WIP Potential Fix for CT Scrape Issue #3658

mzagaja · 2021-04-14T01:31:43Z

Potential fix for CT scraping issue adopts xpath search pattern to grab the PDF link instead of the “link next to the htm” (that happened to be a PDF in the previous iteration of the website). Currently not working nor emitting an error on my machine.

* Potential fix for CT scraping issue adopts xpath search pattern to grab the PDF link instead of the “link next to the htm” (that happened to be a PDF in the previous iteration of the website). Currently not working nor emitting an error on my machine.

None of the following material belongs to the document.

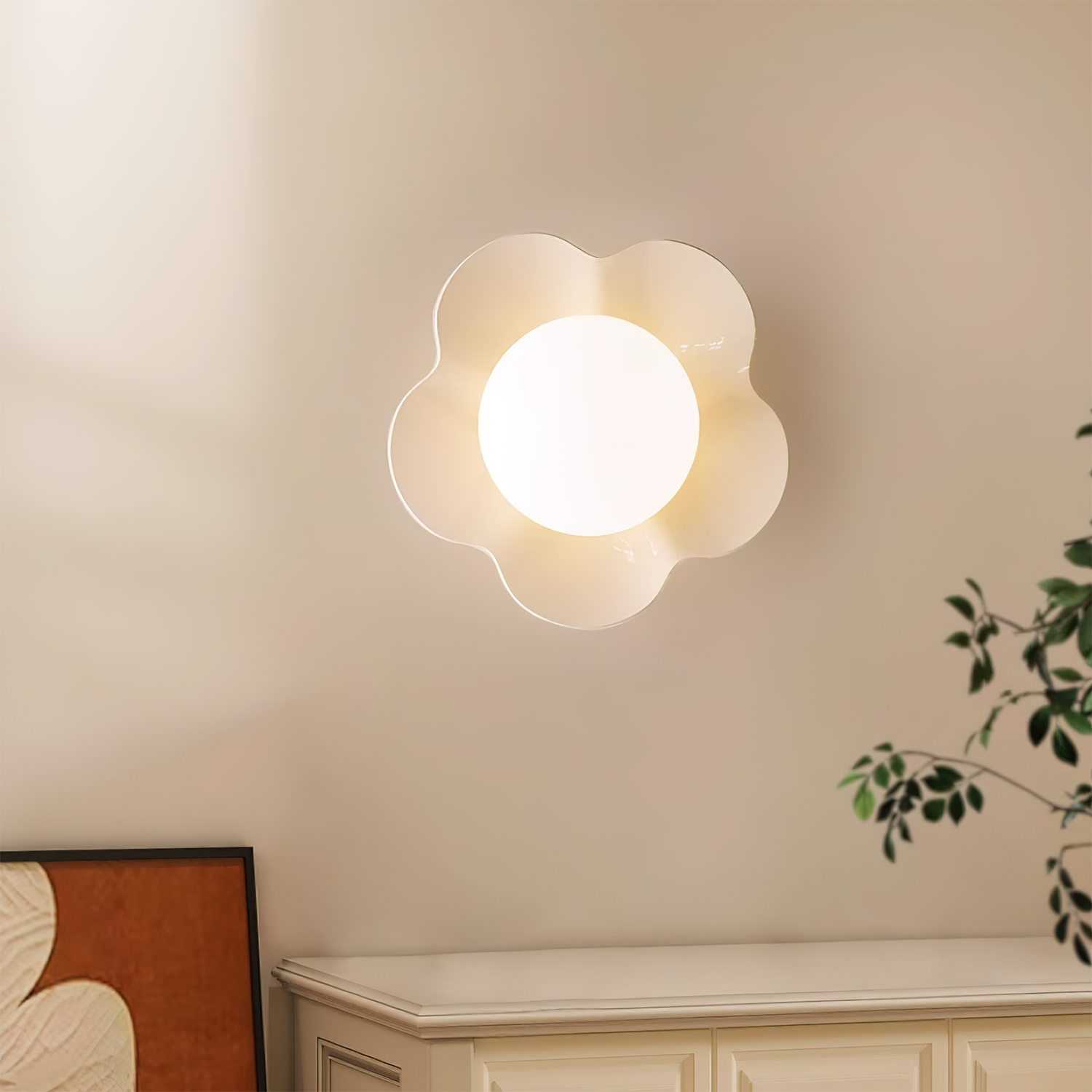 Selani Bloemvorm Wandlamp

jamesturk · 2021-04-20T15:09:48Z

thanks for this, on my list to review this week

jamesturk · 2021-04-21T19:19:56Z

when the scrape finishes what does the summary block look like?

ct (scrape)
  bills: {}
bills scrape:
  duration:  0:02:02.136713
  objects:
    bill: 3218
jurisdiction scrape:
  duration:  0:00:00.005249
  objects:
    jurisdiction: 1
    organization: 3

As you can see, I'm not seeing any votes from this change.

I'm curious if yours was different?

mzagaja · 2021-04-23T00:58:48Z

I also got:

ct (scrape)
  bills: {}
bills scrape:
  duration:  0:10:43.968659
  objects:
    bill: 3202
jurisdiction scrape:
  duration:  0:00:00.021614
  objects:
    jurisdiction: 1
    organization: 3

I do see the ones with votes in the cache, but have to try and map which bill JSON files they go with to investigate further now that I ran it fully. Going to try and investigate a bit more this weekend and maybe take another swing at it.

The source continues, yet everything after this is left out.